Advanced Considerations: Soil and Chemistry
For those who want to geek out a bit on the science, the “toxicity” of rhubarb is fascinating. The oxalic acid concentration in the leaves usually ranges between 0.5% and 1.0%. Interestingly, some other garden favorites like spinach and chard also contain oxalic acid—sometimes even more than rhubarb!
The reason we don’t use spinach tea as an insecticide is that rhubarb also contains anthraquinone glycosides. These compounds, combined with the oxalic acid, create a potent “one-two punch” that insects find much more difficult to handle than a bit of spinach.
When you use the leaves as mulch, you are also adding a significant “green” (nitrogen-rich) source to your soil. In a balanced garden, this helps maintain the carbon-to-nitrogen ratio. If you’re worried about acidity, you can sprinkle a little garden lime (calcium carbonate) over the area where you’ve mulched with rhubarb leaves. The lime will react with the oxalic acid to form calcium oxalate, which is even less soluble and completely harmless to your plants.
Example Scenario: The Aphid Emergency
Let’s look at a real-world example. Imagine it’s mid-June, and your nasturtiums are suddenly covered in black aphids. They’re curling the leaves and stunted the growth.
Instead of panicking, you go to your rhubarb patch and harvest four or five large leaves. You chop them, simmer them for 30 minutes, and let the pot cool on the stove while you have dinner. After straining the “tea” and adding a squirt of natural dish soap, you head out at 7:00 PM when the sun is low.
You spray the undersides of the leaves—that’s where the aphids hide—and make sure the stems are well-coated. You repeat this three days later. By the end of the week, the aphid population has crashed, and the ladybugs are moving in to finish the job. Your nasturtiums start putting out new, healthy growth, and you didn’t spend a dime or introduce a single synthetic chemical to your soil. That’s the power of the rhubarb leaf.
Final Thoughts
Gardening is often about seeing the hidden value in things others throw away. The rhubarb leaf, with its intimidating size and toxic reputation, is actually one of the most versatile tools in an organic gardener’s arsenal. Whether you use it as a potent spray or a soil-feeding weed barrier, you’re tapping into a tradition of self-sufficiency that has served backyard growers for generations.

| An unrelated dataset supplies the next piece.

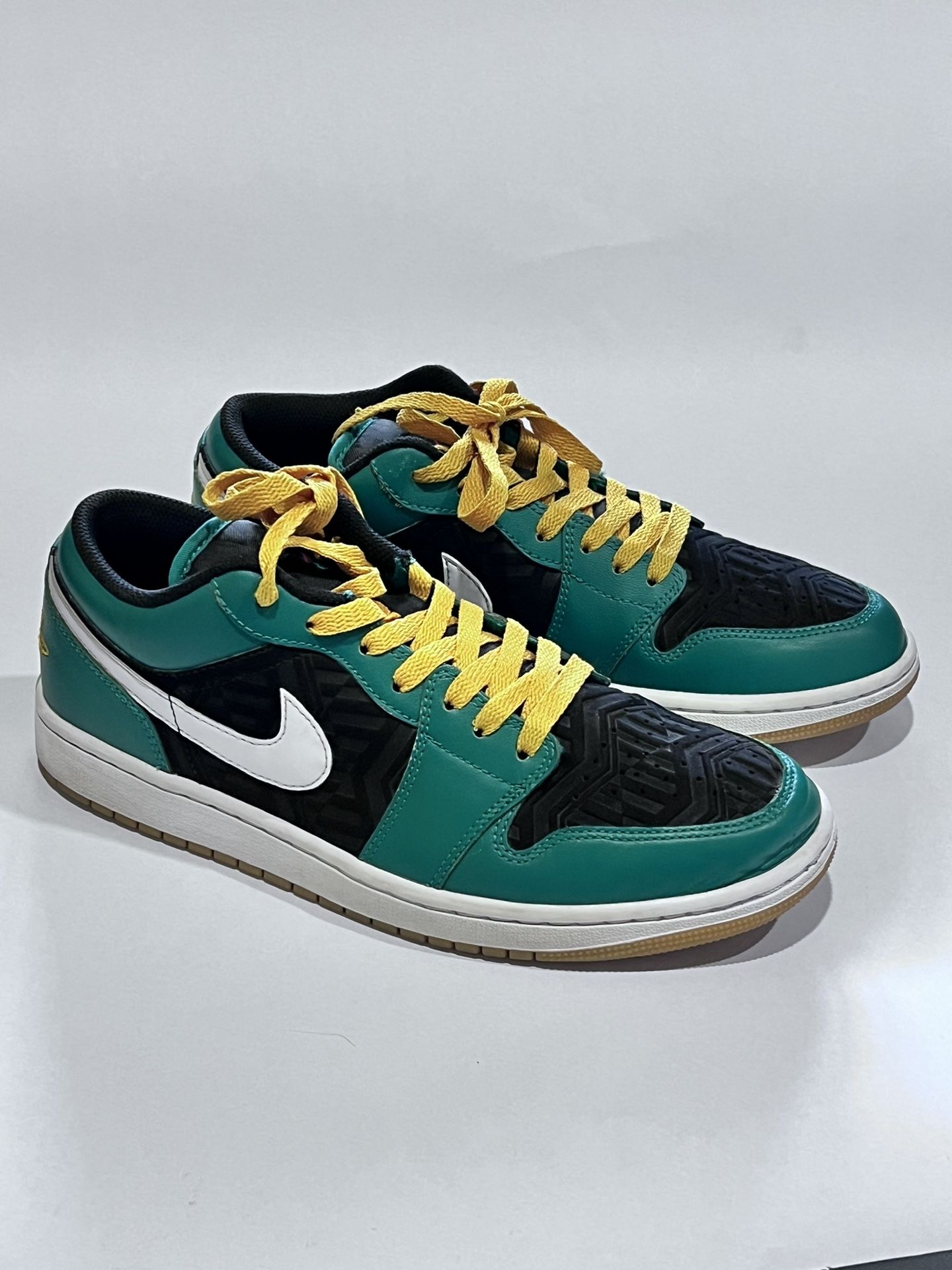 Sz 8.5 Air Jordan 1 Low SE 'Christmas'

I encourage you to experiment. Start small—maybe just one spray bottle for your flower beds—and see how your plants respond. You might find, as I did, that the most “troublesome” parts of your garden are often the ones with the most to offer.
Remember, a healthy garden isn’t one without any bugs; it’s one where the balance of power is kept in check through natural means. By using rhubarb leaves, you’re not just killing pests; you’re participating in a cycle that builds soil health and protects our essential pollinators. Now, go give that rhubarb patch a little extra love—it’s working harder for you than you might have realized.